NCT number NCT02809495
Other study ID # 1-2016
Secondary ID
Status Not yet recruiting
Phase N/A
First received June 17, 2016
Last updated June 17, 2016
Start date June 2016
Est. completion date June 2018

Study information

Verified date June 2016
Source University of Sao Paulo General Hospital
Contact n/a
Is FDA regulated No
Health authority Brazil: University of Sao Paulo, medical school
Study type Observational

Clinical Trial Summary

Prostate cancer (PC) is the most common non-skin tumor in men and the second leading cause of death from cancer in Brazil. It accounts for 13.8% of deaths from cancer in males, similar to what happens with breast cancer in females, corresponding to 15.8% of cancer deaths in women. Mobile applications, software developed for smartphones and tablets used for many different purposes (games, communication, entertainment etc) have become important tools of mHealth (Mobile Health in Portuguese - mobile health) as they allow remote support to patients or self-promotion of health care. It has been used globally to assist in the treatment and control of various diseases such as diabetes, physical inactivity, and many others. In oncology there are several applications developed to assist in the monitoring and treatment of various cancers such as gastric and breast cancer.
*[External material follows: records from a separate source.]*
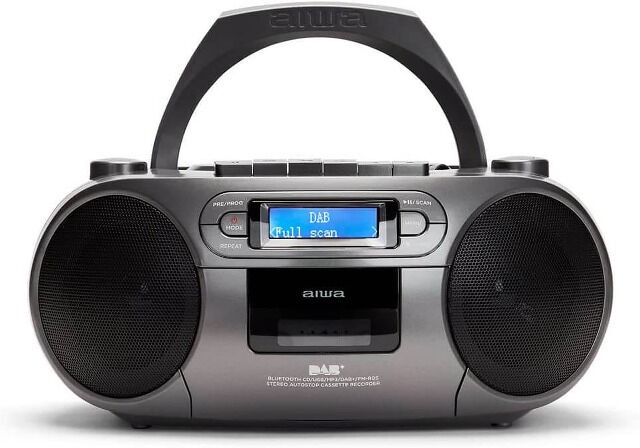 Aiwa BBTC-660DAB/MG Grau Tragbares Hifi Radio mit CD, Kassttendeck, Bluetooth,DAB+,USBCD-Player, Kassettenspieler, Radio, FM, Ghettoblaster
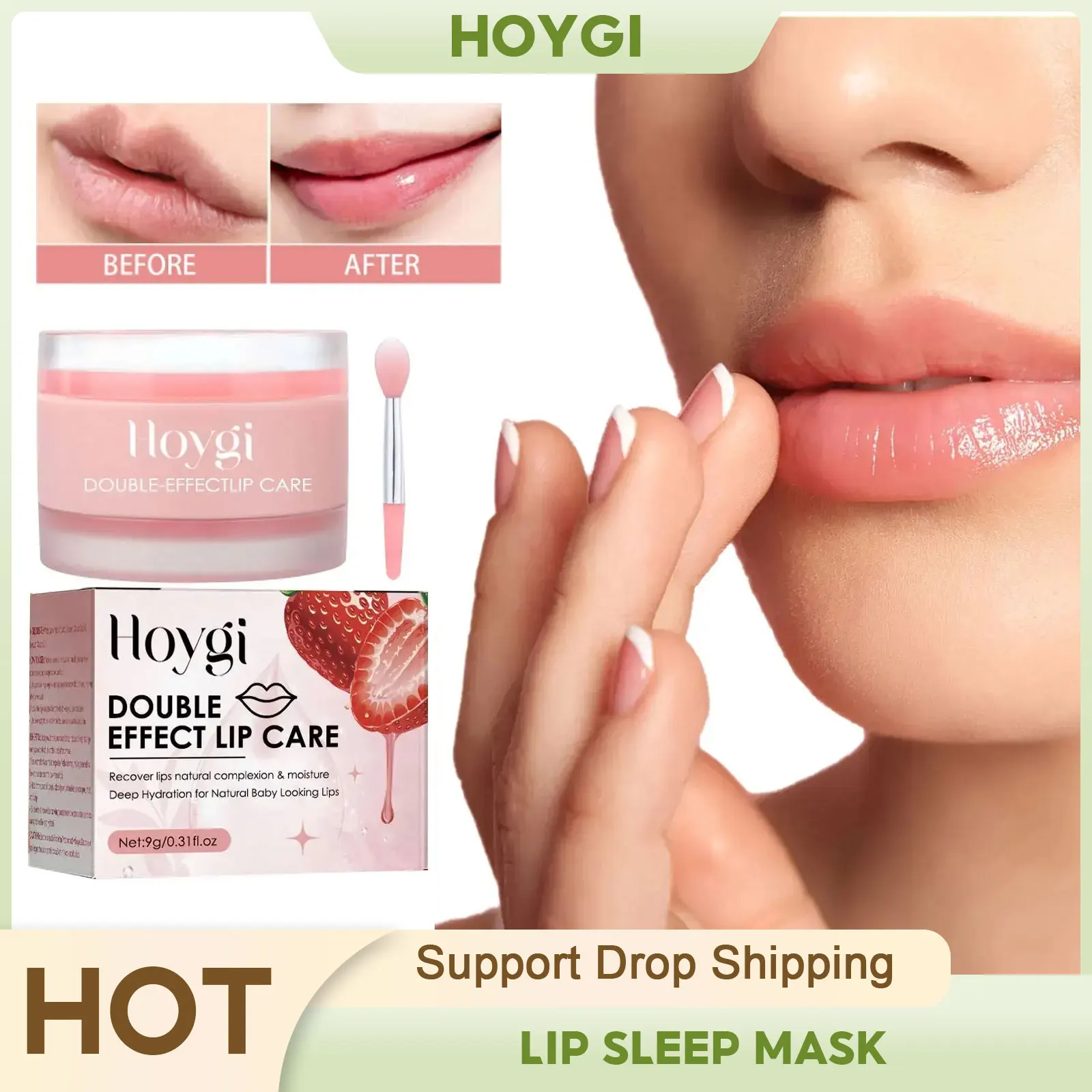 Lippen schlaf maske verblassen Lippen linien entfernen abgestorbene Haut Anti-Trocken-Rissbildung aufhellen Peeling feuchtigkeit spendend pflegenden Erdbeer lippen balsam Image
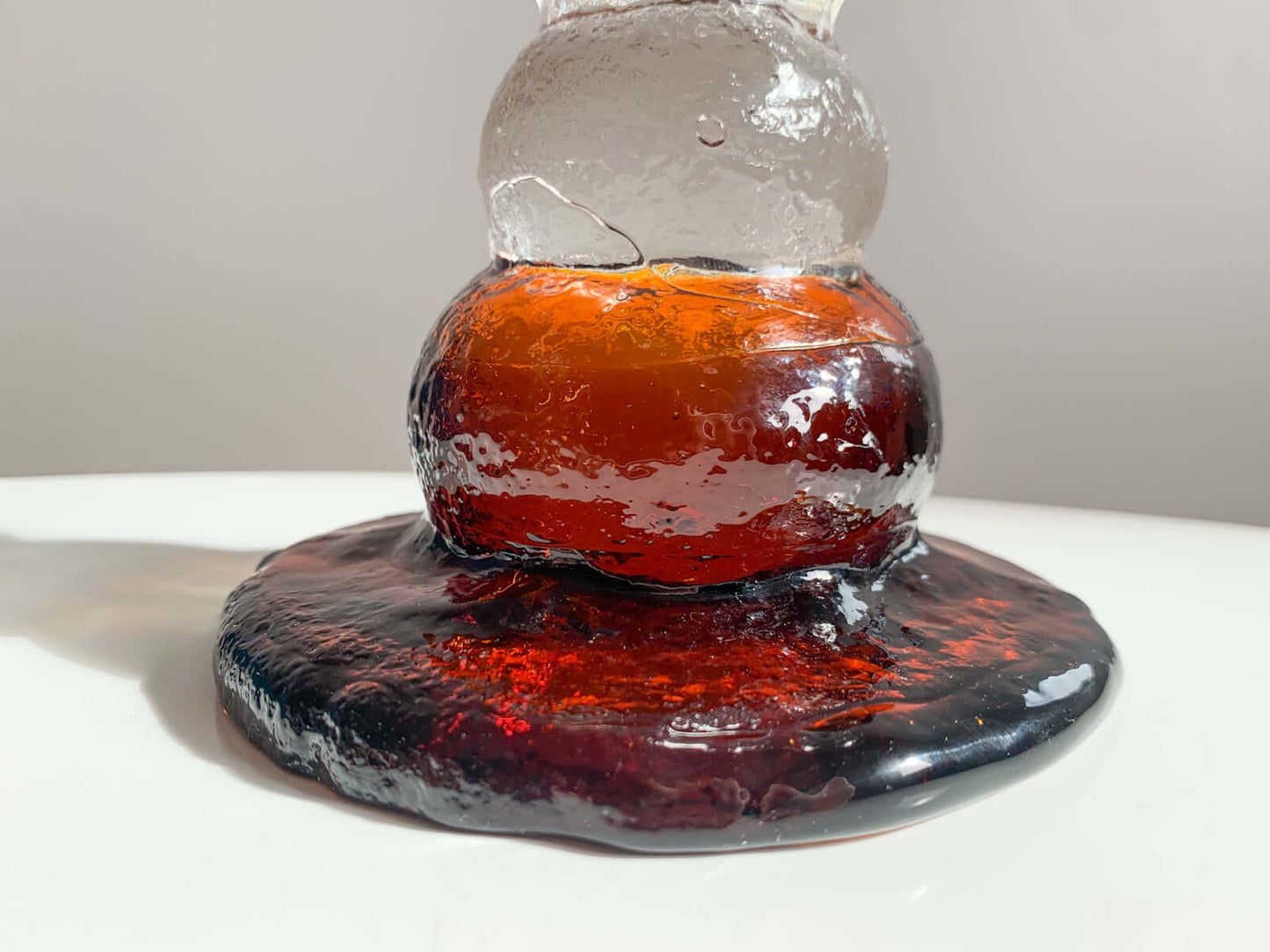 Brutalist Figurine Kivi-Set, Humppila Finland 1980s Amber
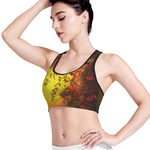 Yellow Full Moon Print Women's Sports Bra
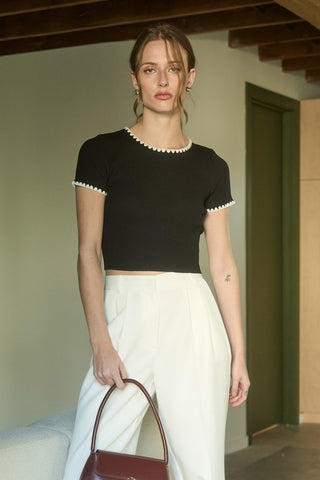 Casual Charm Scallop Trim Top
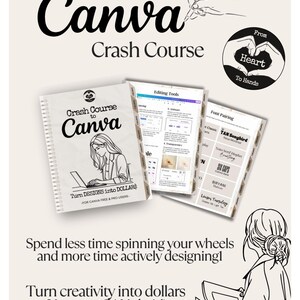 Puede incluir: Una ilustración digital de una mujer trabajando en una computadora portátil con el texto "Crash Course to Canva" y "Turn Designs into Dollars" sobre un fondo rosa y blanco. La imagen también incluye una lista de herramientas de edición y combinaciones de fuentes.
So far it has not developed an application for follow-up of patients with PC, to capture data on satisfaction of post-treatment patient regarding the comorbidity of surgery, and also loyalty and adherence of patients to follow-up in offices allowing a possible intervention it is done at the right time. Nor was made compared to assess whether there is benefit in using this application. Thus, the objective of this work is to develop an application for smartphones facing the postoperative follow-up of patients undergoing robotic radical prostatectomy and compare adherence to treatment compared to accompanied by traditional way patient. In addition, we will evaluate the progress of the IPSS, ICIQ and IIEF-5 compared to preoperatively in patients undergoing prostatectomy robotic radical.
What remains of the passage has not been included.